Of course, for the 2001 model year, Buick's marketing operatives clearly mean to imply a new era dawning, with their car leading the way. I cannot deny spending an entirely lovely week in Buick's latest version of its entry-level sedan. But it was clearly a week spent behind the wheel of a car from the former, and not the future, century.
It is decidedly old-fashioned--but surely not unwise--to offer an affordable family car for six passengers in this Brave New Age. Hasn't Buick been paying attention? Don't those Buick slide-rule types notice the rash of minivans and sport-utes that spent the last decade of the last century transforming people into truck cargo? It takes some nerve to buck this trend, I suggest. Just the same, it is the postwar Buick sedan from the middle of the last century that, arguably, represents the apotheosis of the six-seater family car. So if Buick perfected it, why shouldn't the company keep making it?
Certainly, for the Century's base price just under $23,000, it would be hard to find any new minivan or SUV with comparable seating room, interior comfort — and let's not forget plain and simple grace. As old-timey as a three-passenger front bench seat may be, this latest Century has thoroughly modernized it: When there are just one or two up front, a handy console folds down to create an impression of semi-sporty bucket-like seats, split 55/45 between driver and passenger. The console even has functional, un-fancy cupholders and rectangular cutouts for holding items like cell phones and pagers, plus a covered, leather-upholstered bin under the driver's right forearm. But...when occupant number six steps up to claim his seat, the console folds back, and a new berth is born. State-of-the-art 1950, I'll admit; but you'd be hard-pressed to count the competing models offering a similar retro-change-o front-bench layout in 2001.
2001 Buick Century
The Buick Century that I evaluated was an up-level "Limited" edition to which a $1680 option package added many of the most popular modern power conveniences. One of these, the auto HVAC with dual-zone temperature control, was quite effective, although vents for the driver offered a limited range of motion for aiming airflow. GM's fancy OnStar telecom and SatNav system is now standard on the Century Limited; but for once, I happened to know where I was going all week, so I didn't use it. On my 750-mile round-trip to a conference in South Georgia, I was especially grateful for the optional CD player with steering wheel controls for volume, program source, track selection, and mute/pause. (I don't think Moby or Tull or The Watersons ever imagined playing so enjoyably together in the same gig.) In all, the Century's as-tested price of $25,151 packs an awful lot of enjoyable, comfortable "content" into Buick's so-called entry-level car.
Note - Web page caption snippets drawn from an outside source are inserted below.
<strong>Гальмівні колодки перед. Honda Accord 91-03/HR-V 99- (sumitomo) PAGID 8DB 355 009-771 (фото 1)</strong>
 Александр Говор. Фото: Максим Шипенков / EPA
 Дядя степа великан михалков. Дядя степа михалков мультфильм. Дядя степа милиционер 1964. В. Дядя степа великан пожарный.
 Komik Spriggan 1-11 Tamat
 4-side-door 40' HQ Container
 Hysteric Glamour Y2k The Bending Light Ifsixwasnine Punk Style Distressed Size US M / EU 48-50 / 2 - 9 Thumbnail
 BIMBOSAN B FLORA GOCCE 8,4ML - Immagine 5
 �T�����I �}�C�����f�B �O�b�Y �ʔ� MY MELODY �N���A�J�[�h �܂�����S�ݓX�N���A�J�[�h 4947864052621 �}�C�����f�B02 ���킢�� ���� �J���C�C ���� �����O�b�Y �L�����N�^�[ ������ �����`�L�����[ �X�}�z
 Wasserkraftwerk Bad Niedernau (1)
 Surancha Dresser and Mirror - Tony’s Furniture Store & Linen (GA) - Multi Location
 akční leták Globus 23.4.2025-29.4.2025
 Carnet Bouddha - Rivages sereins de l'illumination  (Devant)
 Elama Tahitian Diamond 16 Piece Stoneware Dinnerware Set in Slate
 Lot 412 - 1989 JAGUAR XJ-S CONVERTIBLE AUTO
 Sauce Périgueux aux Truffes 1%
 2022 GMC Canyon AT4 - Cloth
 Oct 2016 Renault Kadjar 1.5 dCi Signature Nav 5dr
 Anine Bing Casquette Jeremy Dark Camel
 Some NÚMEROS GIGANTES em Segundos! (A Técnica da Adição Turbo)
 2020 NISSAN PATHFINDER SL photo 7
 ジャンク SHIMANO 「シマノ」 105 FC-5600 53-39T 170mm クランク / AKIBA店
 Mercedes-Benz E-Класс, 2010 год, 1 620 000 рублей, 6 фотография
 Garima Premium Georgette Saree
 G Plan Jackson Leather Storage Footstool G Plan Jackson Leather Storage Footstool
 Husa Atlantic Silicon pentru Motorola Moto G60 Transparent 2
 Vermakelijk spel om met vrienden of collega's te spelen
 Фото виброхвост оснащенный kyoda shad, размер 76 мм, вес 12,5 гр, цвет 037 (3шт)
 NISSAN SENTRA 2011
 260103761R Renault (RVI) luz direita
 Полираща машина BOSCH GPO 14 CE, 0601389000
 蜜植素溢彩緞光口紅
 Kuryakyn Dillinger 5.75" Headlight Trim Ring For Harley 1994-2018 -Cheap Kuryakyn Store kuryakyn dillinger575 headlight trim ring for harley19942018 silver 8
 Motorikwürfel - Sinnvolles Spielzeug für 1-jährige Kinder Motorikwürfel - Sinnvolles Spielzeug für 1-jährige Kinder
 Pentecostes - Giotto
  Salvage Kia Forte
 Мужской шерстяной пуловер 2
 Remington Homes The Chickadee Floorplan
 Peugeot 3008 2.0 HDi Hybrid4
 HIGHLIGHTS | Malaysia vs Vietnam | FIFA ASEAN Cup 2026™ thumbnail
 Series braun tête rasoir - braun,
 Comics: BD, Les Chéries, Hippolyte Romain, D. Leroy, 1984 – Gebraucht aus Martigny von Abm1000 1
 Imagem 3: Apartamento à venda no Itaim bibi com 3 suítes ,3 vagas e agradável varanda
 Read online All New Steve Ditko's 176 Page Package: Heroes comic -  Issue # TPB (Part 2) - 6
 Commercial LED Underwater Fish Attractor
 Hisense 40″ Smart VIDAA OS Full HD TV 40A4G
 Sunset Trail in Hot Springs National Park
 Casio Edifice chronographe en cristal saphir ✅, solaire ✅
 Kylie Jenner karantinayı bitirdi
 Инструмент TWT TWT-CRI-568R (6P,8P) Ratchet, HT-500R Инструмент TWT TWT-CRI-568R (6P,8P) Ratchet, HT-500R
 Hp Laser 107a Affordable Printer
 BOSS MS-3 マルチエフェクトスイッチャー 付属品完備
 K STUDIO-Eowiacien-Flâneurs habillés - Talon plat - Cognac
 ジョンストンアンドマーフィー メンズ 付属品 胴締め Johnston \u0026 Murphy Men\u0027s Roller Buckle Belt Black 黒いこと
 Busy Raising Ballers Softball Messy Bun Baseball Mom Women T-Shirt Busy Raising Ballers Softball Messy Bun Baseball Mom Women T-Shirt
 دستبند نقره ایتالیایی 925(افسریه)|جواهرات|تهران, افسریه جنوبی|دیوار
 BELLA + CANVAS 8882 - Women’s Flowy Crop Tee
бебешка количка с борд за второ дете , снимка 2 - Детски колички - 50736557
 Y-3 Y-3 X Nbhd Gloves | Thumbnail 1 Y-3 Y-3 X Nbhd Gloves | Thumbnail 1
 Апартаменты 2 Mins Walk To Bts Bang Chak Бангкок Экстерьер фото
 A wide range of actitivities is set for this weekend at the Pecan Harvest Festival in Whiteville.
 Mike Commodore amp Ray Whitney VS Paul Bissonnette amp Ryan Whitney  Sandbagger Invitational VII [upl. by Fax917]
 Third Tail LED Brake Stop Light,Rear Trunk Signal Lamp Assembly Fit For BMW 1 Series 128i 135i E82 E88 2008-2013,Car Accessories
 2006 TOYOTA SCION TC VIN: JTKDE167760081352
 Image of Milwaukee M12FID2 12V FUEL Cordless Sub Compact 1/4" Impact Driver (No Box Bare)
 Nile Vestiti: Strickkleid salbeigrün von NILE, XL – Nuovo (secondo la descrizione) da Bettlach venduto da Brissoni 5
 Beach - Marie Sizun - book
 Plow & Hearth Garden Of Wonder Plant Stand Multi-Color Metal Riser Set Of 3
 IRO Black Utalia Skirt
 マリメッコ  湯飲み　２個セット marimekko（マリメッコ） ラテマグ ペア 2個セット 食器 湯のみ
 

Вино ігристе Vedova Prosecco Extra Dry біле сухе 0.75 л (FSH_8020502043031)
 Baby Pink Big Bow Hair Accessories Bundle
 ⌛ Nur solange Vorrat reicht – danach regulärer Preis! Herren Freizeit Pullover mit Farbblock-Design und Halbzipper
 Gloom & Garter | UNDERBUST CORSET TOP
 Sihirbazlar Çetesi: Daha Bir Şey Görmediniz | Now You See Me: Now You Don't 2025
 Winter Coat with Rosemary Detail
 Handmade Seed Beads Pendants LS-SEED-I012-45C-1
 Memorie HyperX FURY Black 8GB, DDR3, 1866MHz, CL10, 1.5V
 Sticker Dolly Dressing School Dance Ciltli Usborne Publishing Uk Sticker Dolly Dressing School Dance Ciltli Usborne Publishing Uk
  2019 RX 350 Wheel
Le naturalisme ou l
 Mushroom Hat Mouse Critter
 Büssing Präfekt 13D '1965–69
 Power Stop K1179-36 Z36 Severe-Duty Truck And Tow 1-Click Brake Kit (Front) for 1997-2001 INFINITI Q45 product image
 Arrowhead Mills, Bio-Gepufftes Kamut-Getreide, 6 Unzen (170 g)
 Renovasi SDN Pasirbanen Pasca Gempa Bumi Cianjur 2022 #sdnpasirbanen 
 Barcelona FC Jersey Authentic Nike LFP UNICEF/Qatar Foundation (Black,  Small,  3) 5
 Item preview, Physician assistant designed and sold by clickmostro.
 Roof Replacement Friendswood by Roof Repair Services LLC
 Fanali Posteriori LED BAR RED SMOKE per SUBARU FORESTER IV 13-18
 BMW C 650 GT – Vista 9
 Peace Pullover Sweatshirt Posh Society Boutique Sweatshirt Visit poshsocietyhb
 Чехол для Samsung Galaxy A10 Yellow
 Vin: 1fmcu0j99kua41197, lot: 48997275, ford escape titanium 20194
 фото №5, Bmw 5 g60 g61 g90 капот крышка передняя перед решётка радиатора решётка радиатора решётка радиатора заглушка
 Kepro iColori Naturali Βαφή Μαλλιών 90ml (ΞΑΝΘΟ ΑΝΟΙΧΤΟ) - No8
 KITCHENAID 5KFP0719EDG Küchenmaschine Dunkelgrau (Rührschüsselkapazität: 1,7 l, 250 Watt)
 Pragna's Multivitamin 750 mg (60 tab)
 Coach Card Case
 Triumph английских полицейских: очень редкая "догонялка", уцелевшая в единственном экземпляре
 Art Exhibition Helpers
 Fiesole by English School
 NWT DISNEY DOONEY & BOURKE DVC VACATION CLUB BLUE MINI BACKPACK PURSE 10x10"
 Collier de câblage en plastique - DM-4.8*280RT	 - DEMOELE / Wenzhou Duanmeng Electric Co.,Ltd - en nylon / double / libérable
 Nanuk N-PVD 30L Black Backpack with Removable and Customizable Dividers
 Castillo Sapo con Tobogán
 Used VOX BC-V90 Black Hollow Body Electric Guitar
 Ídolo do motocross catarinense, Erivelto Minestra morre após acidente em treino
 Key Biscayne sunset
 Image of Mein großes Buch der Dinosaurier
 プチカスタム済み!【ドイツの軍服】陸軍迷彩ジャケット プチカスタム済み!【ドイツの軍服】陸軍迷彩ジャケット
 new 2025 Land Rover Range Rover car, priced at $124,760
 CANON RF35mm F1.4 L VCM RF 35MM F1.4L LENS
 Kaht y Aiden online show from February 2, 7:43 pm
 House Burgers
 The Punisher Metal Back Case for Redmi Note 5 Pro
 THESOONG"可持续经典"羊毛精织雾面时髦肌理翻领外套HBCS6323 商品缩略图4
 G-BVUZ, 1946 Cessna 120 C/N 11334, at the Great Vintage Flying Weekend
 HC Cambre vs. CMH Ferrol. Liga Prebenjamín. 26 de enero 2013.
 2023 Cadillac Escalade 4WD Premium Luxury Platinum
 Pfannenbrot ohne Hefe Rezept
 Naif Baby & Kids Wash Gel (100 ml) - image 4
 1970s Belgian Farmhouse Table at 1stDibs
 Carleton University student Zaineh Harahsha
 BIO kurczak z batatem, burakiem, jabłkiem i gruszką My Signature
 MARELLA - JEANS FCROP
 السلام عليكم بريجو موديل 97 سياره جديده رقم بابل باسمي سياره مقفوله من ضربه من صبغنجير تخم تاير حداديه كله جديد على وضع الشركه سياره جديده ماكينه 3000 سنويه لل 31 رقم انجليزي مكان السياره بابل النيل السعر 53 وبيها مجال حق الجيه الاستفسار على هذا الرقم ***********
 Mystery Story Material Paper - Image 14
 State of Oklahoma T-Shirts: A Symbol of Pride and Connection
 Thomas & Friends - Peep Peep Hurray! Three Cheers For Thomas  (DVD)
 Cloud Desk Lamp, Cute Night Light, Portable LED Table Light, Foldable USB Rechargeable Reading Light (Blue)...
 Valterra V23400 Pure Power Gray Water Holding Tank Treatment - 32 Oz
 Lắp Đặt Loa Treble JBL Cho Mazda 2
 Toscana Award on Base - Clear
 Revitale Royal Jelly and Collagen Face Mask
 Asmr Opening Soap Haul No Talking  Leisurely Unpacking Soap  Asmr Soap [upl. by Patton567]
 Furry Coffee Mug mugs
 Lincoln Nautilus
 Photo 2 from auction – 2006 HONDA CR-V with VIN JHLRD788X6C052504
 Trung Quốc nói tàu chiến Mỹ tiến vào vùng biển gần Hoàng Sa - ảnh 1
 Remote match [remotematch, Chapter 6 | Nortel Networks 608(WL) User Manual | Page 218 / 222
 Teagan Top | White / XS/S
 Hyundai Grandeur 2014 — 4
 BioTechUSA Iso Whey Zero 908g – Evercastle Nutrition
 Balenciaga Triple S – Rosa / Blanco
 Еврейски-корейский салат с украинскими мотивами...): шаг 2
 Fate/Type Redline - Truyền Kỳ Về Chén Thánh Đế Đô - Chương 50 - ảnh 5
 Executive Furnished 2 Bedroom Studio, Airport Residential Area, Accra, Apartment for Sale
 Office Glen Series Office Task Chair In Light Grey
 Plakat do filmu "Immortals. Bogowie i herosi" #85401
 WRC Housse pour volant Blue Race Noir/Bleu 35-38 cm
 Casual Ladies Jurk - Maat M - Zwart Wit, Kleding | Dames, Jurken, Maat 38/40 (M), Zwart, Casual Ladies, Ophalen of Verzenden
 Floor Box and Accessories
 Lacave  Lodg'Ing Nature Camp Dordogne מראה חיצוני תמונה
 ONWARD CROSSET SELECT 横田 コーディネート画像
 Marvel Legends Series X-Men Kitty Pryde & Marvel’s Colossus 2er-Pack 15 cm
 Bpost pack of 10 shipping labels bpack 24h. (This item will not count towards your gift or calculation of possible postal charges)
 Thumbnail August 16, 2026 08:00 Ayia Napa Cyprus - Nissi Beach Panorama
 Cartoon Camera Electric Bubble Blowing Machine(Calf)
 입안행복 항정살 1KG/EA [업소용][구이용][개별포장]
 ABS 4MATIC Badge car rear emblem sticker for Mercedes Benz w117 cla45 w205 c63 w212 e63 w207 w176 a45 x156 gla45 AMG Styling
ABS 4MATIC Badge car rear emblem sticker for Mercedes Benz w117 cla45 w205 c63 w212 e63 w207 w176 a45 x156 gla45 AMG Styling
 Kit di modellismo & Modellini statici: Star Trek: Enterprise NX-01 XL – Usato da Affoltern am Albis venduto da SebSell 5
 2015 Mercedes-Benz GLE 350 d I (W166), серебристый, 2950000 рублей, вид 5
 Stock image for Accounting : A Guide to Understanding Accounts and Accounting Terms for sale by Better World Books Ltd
As befits its price and status, Century features Buick's least potent powertrain, a 3.1-liter V-6 that delivers 175 horsepower to the front wheels. A four-speed automatic is the only transmission available. For interstate driving in particular, I found the Century an especially competent cruiser. It would surely have been different with five more bodies wedged in, of course, but my cruising speeds were – well, let's just say that I overtook far more traffic than overtook me.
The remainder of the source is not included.